§ **About this exercise**:
Give back every line of the data exactly. Pictures are not part of the copy.
___ The data
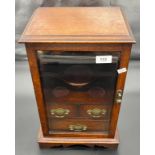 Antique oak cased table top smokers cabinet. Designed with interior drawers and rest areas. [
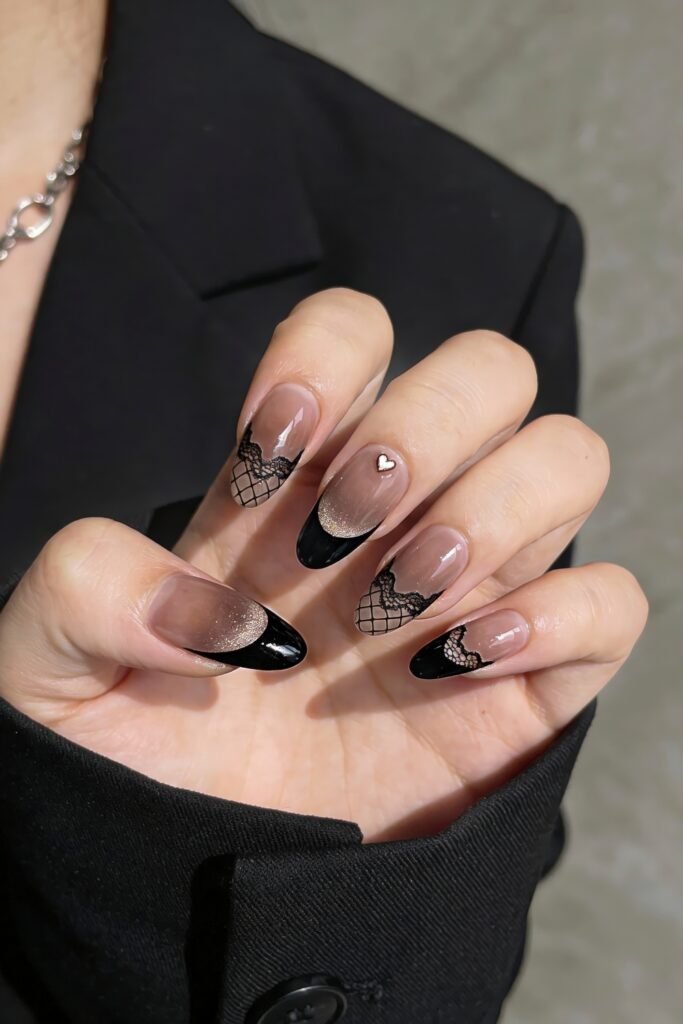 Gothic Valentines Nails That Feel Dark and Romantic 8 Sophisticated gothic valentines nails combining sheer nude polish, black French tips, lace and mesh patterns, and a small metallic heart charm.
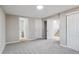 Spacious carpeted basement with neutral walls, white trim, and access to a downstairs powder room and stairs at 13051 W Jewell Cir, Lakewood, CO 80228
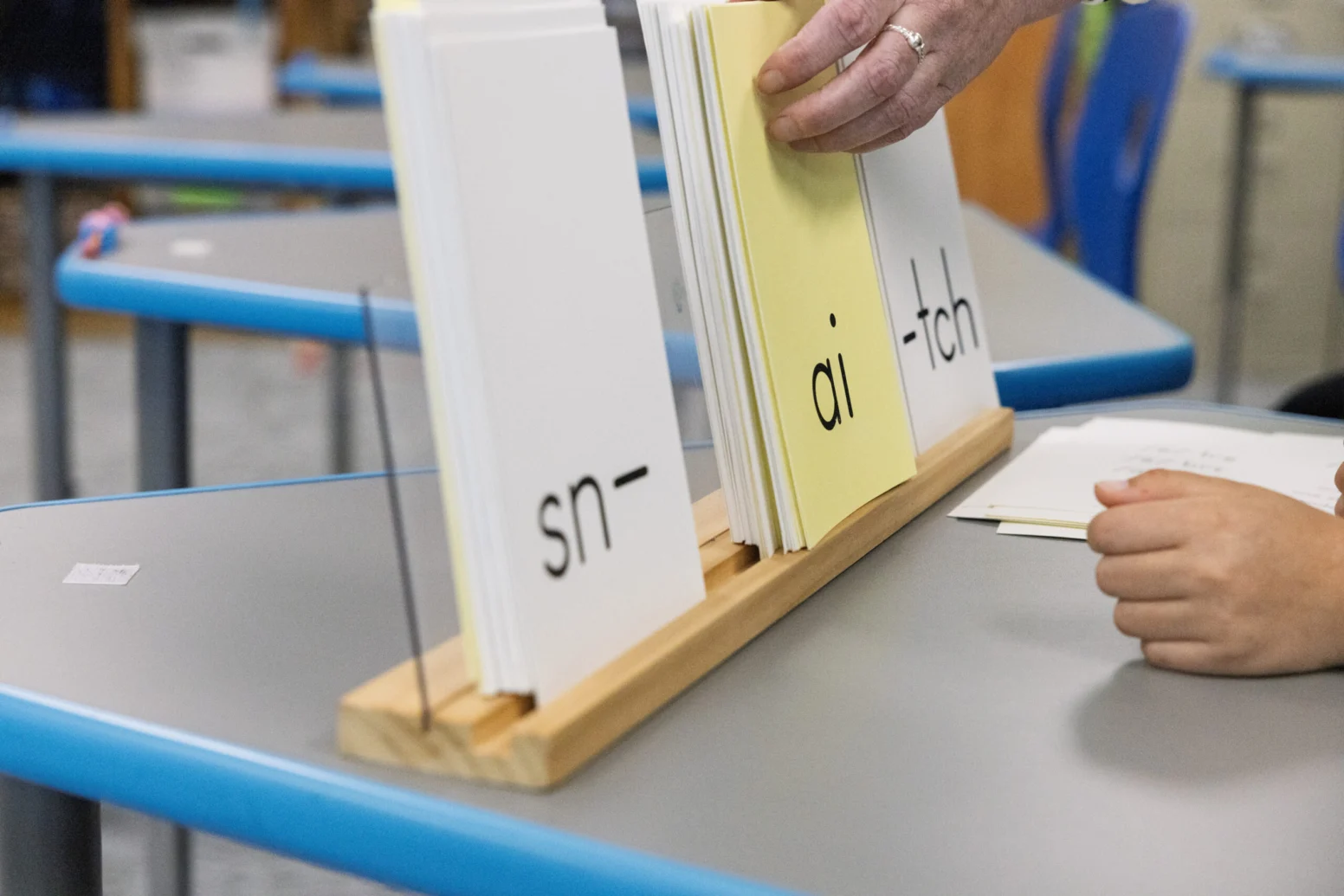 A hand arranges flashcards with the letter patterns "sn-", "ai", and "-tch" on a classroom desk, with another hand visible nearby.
______
§ **Answer to this task**:
 Antique oak cased table top smokers cabinet. Designed with interior drawers and rest areas. [
 Gothic Valentines Nails That Feel Dark and Romantic 8 Sophisticated gothic valentines nails combining sheer nude polish, black French tips, lace and mesh patterns, and a small metallic heart charm.
 Spacious carpeted basement with neutral walls, white trim, and access to a downstairs powder room and stairs at 13051 W Jewell Cir, Lakewood, CO 80228
 A hand arranges flashcards with the letter patterns "sn-", "ai", and "-tch" on a classroom desk, with another hand visible nearby.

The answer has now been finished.